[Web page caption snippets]

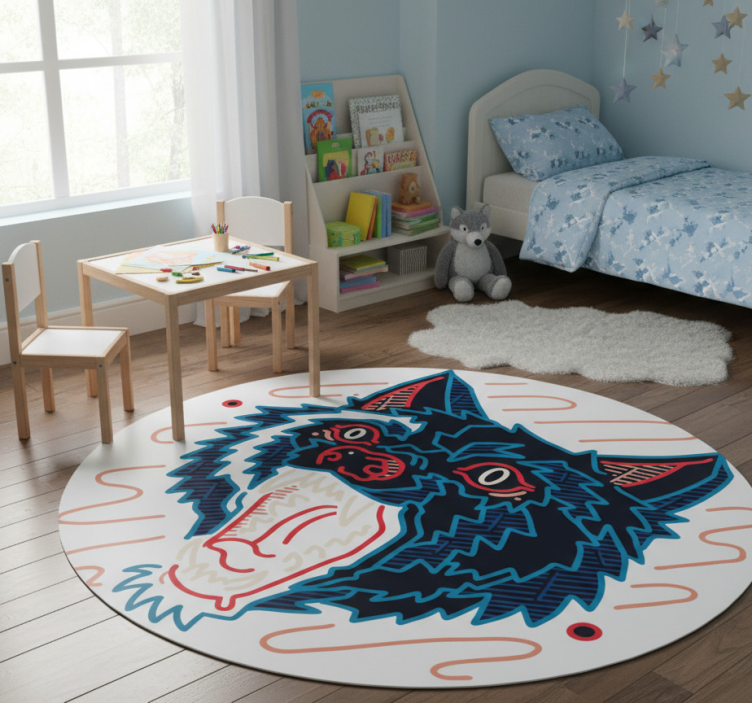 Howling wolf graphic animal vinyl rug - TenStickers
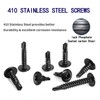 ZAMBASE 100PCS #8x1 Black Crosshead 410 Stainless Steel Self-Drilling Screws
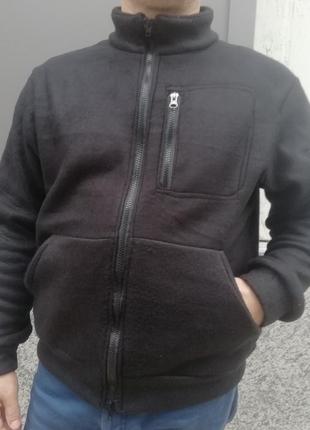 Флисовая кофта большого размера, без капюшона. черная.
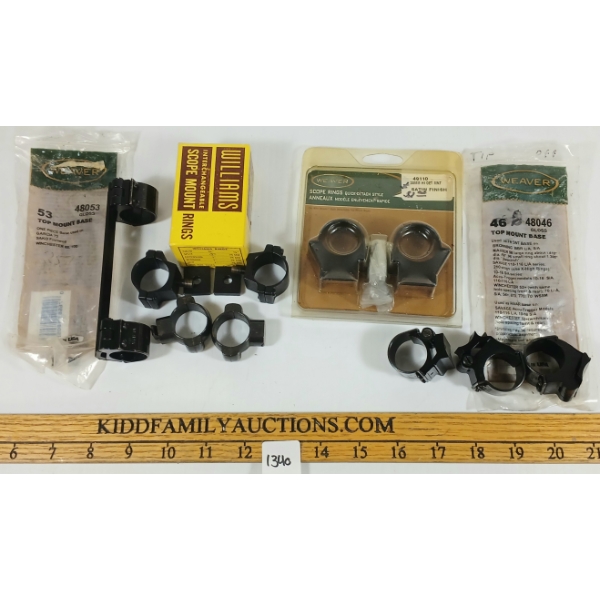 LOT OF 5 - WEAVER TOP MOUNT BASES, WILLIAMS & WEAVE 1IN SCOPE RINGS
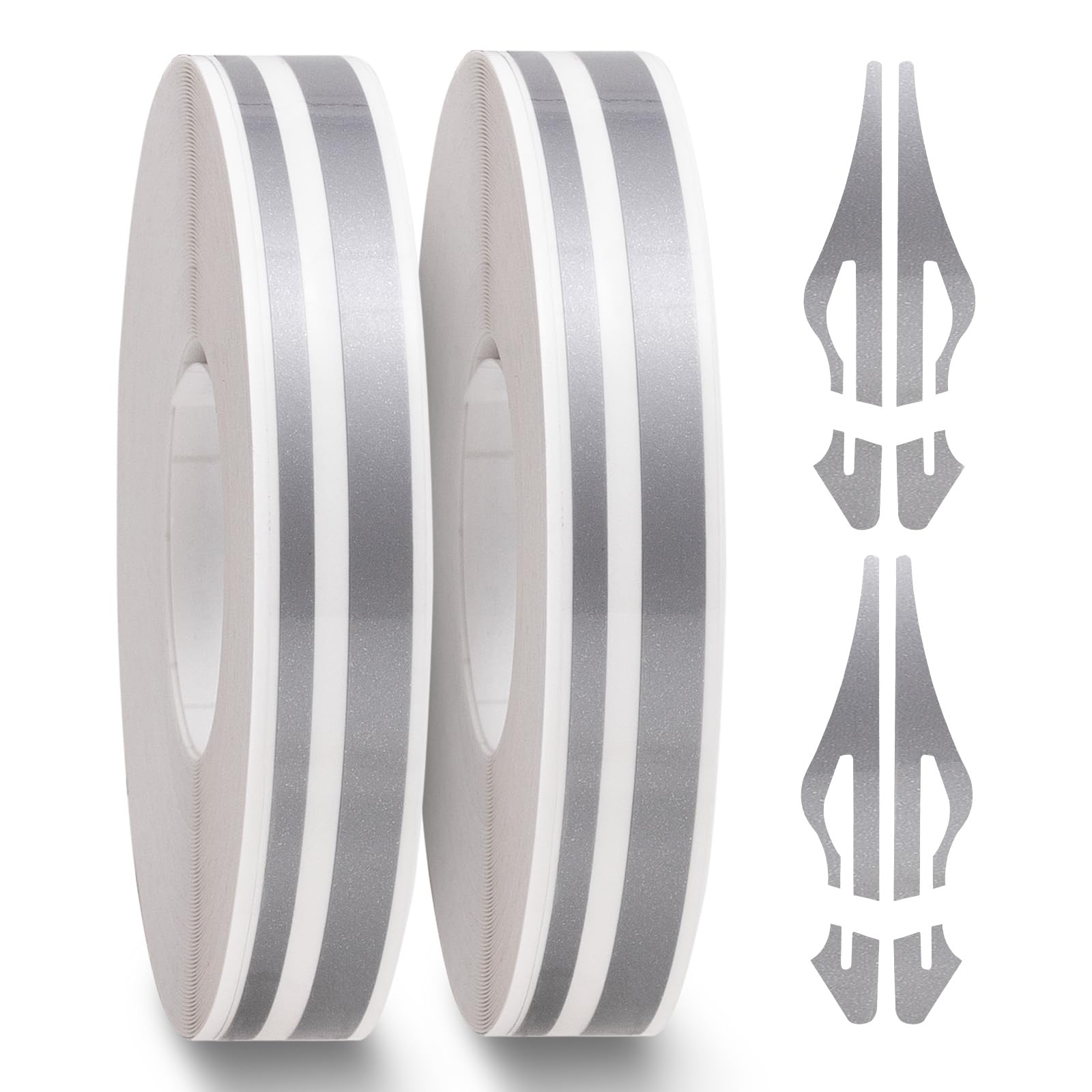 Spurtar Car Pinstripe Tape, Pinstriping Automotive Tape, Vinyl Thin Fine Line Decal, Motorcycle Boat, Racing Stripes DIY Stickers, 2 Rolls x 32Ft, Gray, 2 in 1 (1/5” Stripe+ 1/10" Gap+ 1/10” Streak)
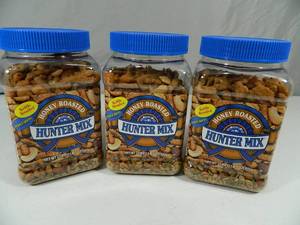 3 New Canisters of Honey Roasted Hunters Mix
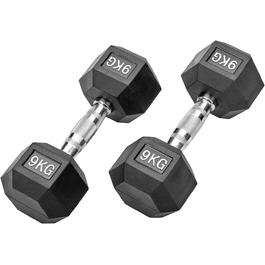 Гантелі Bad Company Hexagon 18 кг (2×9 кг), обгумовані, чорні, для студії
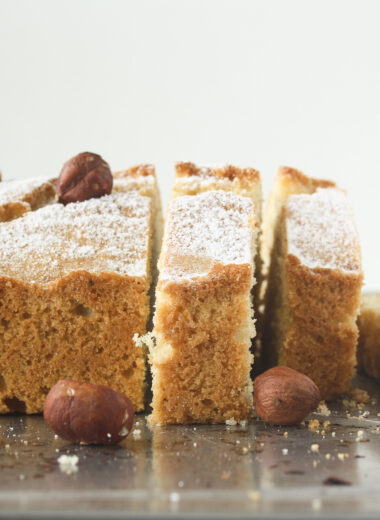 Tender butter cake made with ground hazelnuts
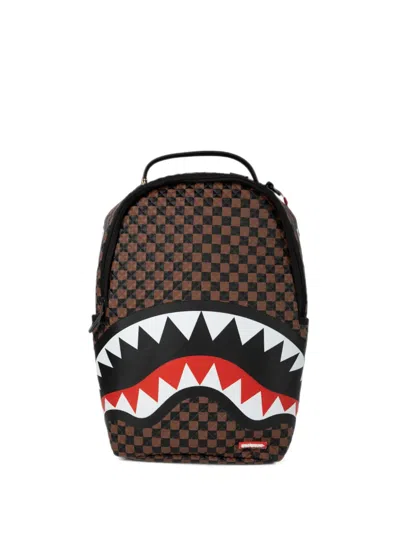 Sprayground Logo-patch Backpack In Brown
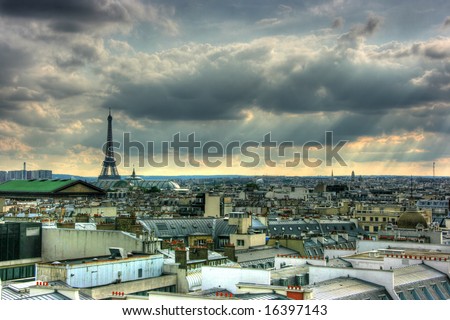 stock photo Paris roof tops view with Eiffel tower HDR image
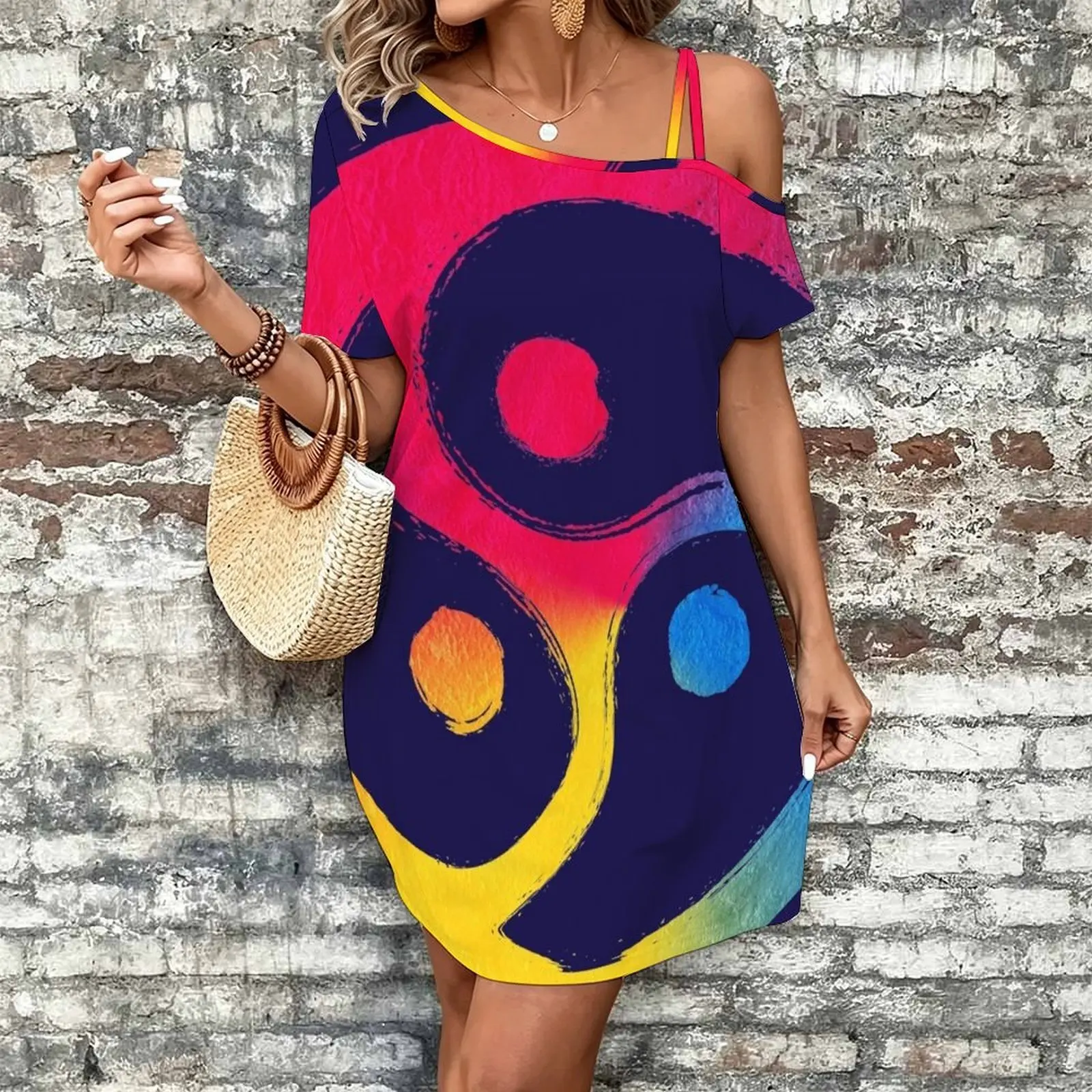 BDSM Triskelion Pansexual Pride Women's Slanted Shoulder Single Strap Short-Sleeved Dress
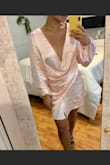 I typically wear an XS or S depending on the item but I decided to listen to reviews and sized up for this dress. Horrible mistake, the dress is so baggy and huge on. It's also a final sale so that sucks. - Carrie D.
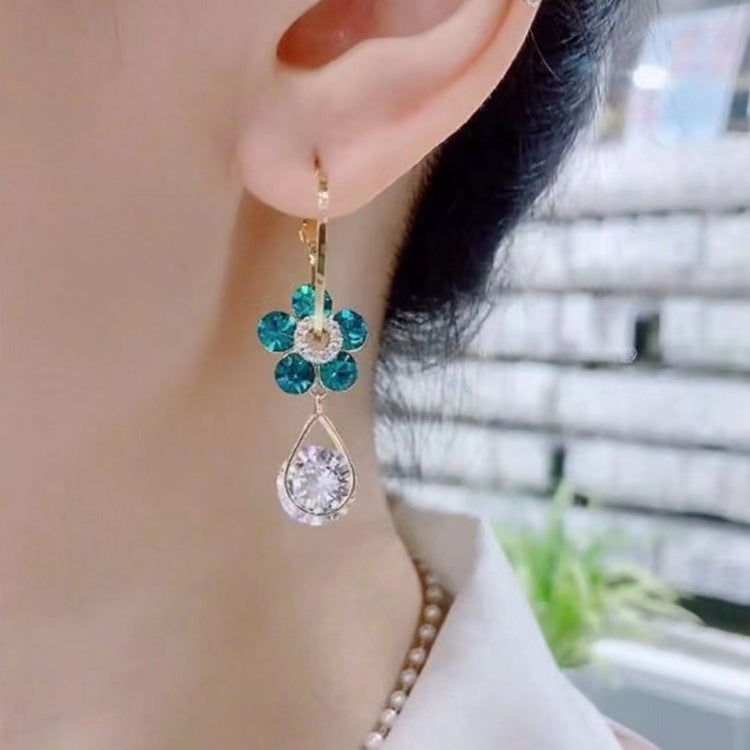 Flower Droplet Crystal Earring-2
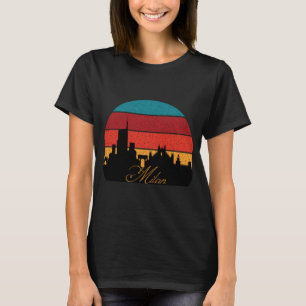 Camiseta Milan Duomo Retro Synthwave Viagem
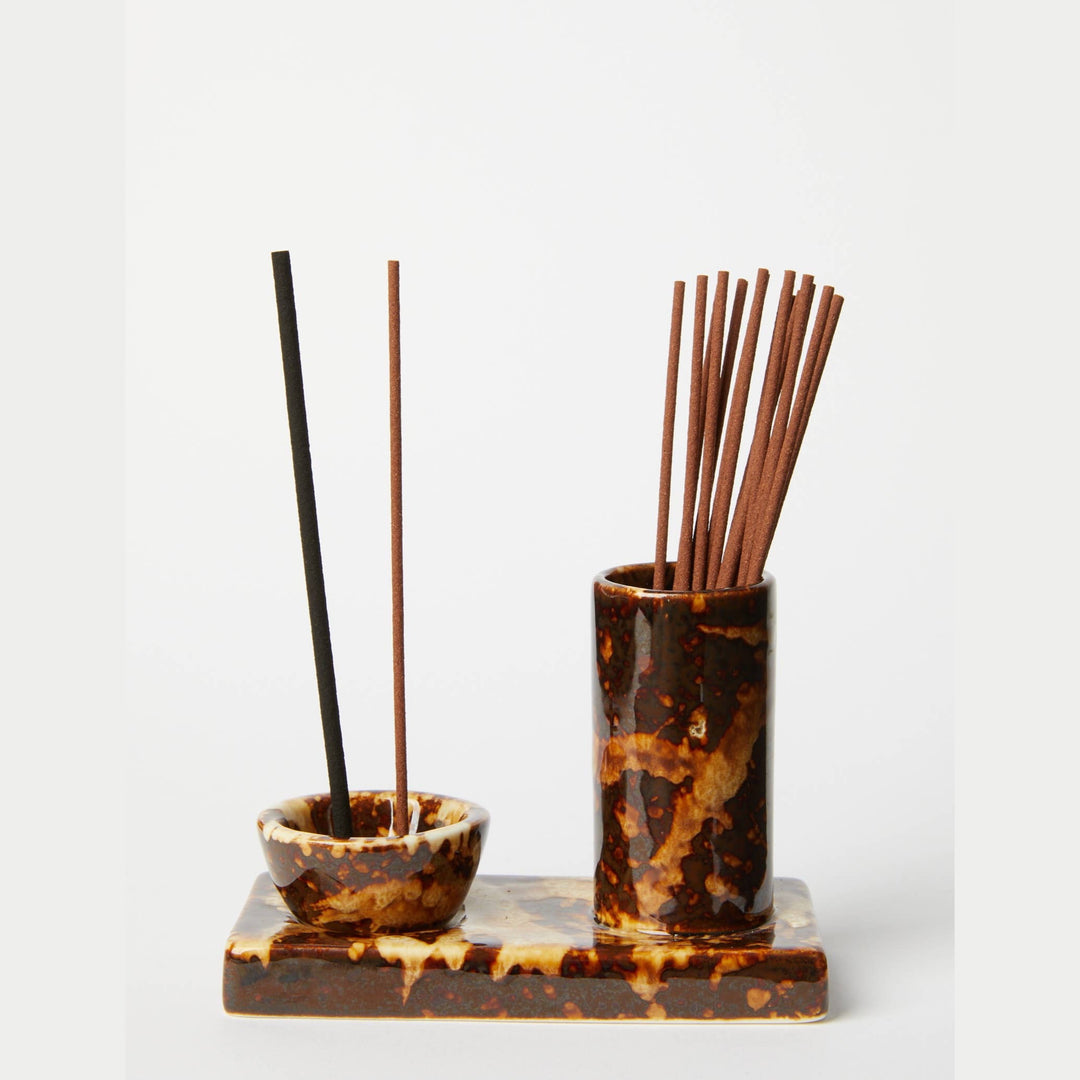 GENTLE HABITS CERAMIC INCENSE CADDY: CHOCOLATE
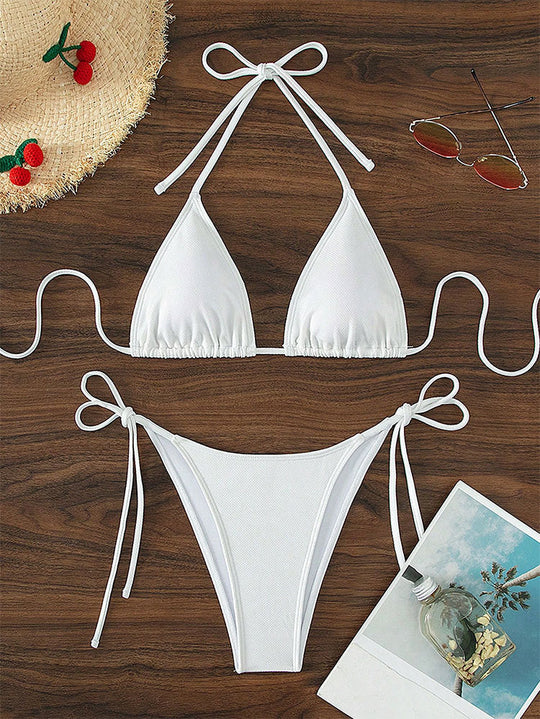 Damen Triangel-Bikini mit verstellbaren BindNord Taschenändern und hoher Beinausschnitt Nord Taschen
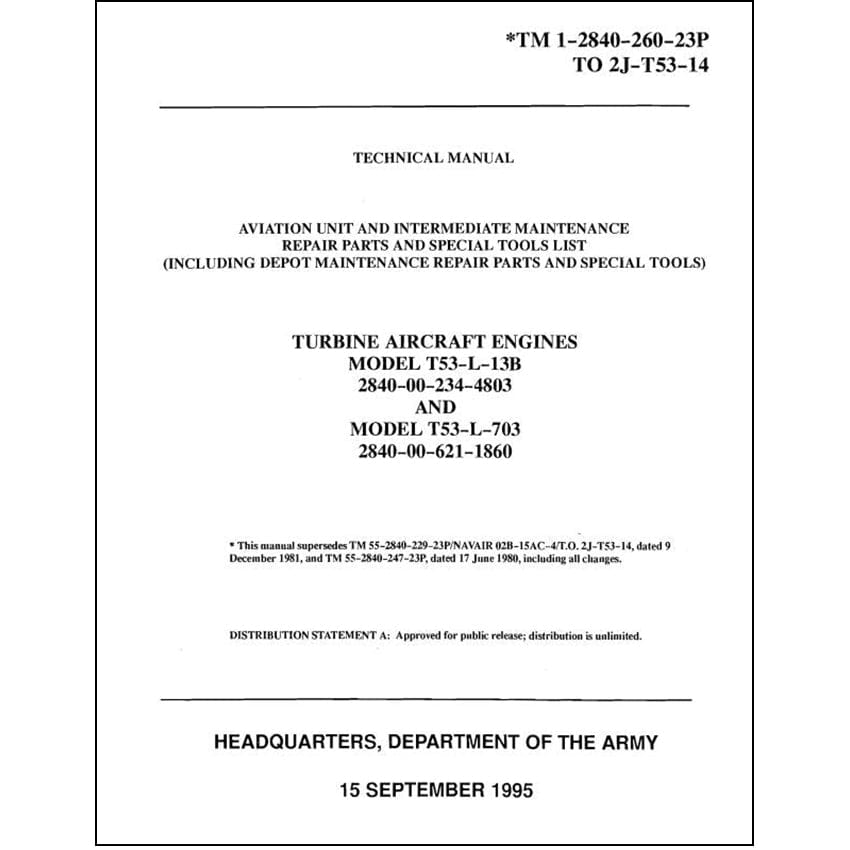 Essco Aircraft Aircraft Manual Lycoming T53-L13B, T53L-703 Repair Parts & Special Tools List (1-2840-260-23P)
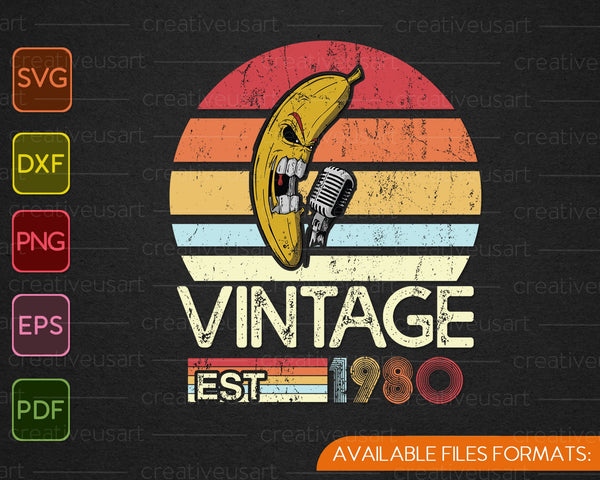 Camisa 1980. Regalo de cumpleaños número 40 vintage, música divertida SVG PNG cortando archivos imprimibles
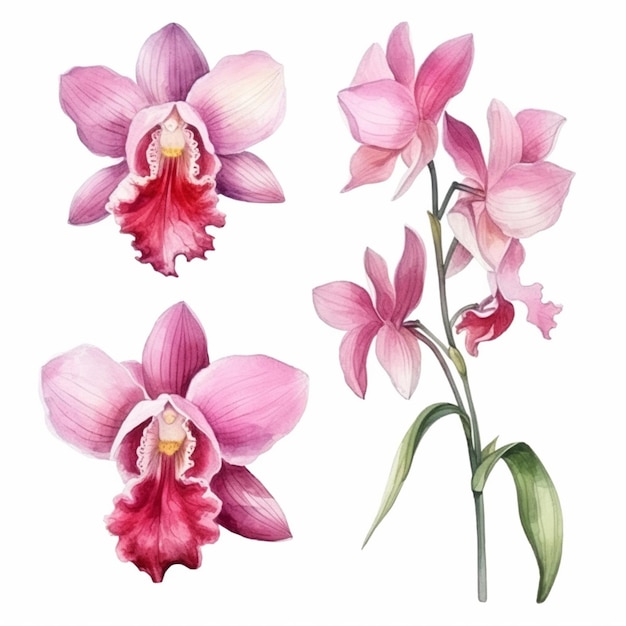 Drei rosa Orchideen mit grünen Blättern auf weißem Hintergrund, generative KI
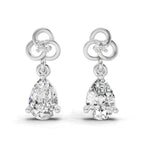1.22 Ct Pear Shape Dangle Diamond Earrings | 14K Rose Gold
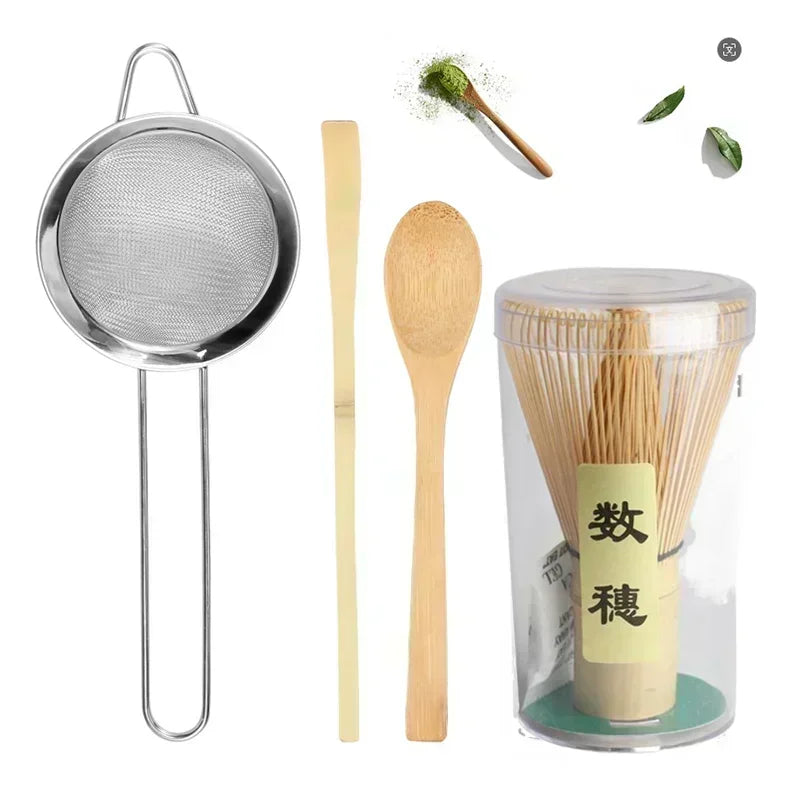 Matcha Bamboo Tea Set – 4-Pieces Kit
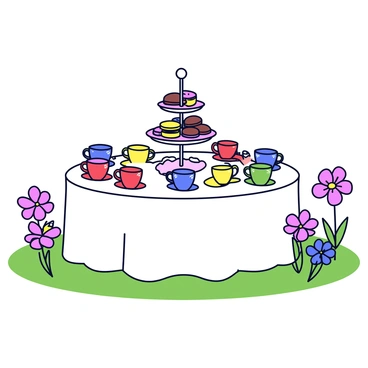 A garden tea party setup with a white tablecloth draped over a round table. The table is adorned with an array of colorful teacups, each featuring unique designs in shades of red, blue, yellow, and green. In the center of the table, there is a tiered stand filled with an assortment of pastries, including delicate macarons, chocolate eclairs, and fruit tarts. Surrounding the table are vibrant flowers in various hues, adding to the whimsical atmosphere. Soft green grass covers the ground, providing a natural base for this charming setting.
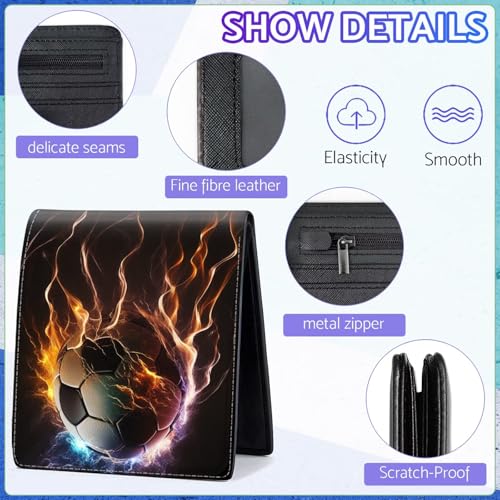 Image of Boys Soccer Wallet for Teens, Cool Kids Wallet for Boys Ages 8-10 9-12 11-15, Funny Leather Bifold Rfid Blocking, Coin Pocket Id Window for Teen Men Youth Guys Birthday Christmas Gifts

▶ _Brief_
Take the entries above and copy exactly the lines starting at the one with "GENTLE HABITS CERAMIC" and ending at the one with "Matcha Bamboo Tea Set – 4-Pieces Kit"; nothing outside that span, and no pictures.

▶ _Output for this exercise_
 GENTLE HABITS CERAMIC INCENSE CADDY: CHOCOLATE
 Damen Triangel-Bikini mit verstellbaren BindNord Taschenändern und hoher Beinausschnitt Nord Taschen
 Essco Aircraft Aircraft Manual Lycoming T53-L13B, T53L-703 Repair Parts & Special Tools List (1-2840-260-23P)
 Camisa 1980. Regalo de cumpleaños número 40 vintage, música divertida SVG PNG cortando archivos imprimibles
 Drei rosa Orchideen mit grünen Blättern auf weißem Hintergrund, generative KI
1.22 Ct Pear Shape Dangle Diamond Earrings | 14K Rose Gold
 Matcha Bamboo Tea Set – 4-Pieces Kit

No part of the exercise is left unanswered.